Entries taken from a collection:
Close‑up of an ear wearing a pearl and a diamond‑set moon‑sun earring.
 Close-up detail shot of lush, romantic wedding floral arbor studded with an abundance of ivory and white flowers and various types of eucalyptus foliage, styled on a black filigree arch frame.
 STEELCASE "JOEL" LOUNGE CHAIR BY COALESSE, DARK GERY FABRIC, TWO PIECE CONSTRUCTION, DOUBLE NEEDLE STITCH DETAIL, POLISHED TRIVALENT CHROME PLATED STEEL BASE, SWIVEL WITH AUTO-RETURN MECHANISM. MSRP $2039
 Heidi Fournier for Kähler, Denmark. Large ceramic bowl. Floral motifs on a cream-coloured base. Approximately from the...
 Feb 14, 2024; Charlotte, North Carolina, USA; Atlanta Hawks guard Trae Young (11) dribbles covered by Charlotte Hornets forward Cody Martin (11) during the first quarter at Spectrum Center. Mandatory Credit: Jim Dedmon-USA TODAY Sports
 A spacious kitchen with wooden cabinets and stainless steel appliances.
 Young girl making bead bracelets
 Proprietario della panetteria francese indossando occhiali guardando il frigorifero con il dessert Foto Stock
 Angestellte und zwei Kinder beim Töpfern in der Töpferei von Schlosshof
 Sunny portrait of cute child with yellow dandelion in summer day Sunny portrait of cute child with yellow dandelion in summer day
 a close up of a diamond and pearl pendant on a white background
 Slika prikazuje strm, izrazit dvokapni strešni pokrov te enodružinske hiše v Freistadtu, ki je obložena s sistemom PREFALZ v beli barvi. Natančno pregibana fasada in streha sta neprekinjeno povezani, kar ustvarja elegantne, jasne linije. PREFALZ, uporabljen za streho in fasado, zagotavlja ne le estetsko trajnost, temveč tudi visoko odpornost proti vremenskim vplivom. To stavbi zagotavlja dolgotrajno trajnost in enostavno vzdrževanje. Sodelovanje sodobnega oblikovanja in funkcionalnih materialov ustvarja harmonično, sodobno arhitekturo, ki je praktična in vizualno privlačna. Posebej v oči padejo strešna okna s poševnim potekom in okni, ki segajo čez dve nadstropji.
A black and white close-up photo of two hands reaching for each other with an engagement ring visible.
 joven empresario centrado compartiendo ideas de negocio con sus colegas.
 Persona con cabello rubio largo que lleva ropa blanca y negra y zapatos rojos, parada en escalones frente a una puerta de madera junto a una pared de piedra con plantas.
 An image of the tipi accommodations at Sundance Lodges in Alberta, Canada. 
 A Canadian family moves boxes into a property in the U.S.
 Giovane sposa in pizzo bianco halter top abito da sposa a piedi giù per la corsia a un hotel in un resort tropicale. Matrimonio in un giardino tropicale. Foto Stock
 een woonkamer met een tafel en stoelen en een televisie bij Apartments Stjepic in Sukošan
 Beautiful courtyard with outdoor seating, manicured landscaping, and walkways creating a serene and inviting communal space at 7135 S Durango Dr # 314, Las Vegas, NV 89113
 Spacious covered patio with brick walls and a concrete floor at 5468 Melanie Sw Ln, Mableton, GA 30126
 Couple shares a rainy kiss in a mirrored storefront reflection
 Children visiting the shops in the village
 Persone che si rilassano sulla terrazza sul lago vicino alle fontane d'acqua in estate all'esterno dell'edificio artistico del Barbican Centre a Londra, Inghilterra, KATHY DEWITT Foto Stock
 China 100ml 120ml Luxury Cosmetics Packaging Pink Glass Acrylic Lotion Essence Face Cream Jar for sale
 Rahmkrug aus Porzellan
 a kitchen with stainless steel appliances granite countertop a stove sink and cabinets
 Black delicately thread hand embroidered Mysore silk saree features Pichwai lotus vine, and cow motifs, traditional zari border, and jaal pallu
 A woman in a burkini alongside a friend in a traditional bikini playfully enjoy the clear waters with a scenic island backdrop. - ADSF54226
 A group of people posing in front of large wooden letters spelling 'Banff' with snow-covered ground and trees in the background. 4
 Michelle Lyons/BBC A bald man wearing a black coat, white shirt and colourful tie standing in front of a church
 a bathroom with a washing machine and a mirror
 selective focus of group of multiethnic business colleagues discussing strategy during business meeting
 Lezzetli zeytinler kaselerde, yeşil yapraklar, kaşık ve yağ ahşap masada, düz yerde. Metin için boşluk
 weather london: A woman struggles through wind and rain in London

Task brief:
All that belongs in the answer is the run of lines above from the line containing "Feb 14, 2024;" through the line containing "Proprietario della panetteria", exactly as written.

Exercise answer:
 Feb 14, 2024; Charlotte, North Carolina, USA; Atlanta Hawks guard Trae Young (11) dribbles covered by Charlotte Hornets forward Cody Martin (11) during the first quarter at Spectrum Center. Mandatory Credit: Jim Dedmon-USA TODAY Sports
 A spacious kitchen with wooden cabinets and stainless steel appliances.
 Young girl making bead bracelets
 Proprietario della panetteria francese indossando occhiali guardando il frigorifero con il dessert Foto Stock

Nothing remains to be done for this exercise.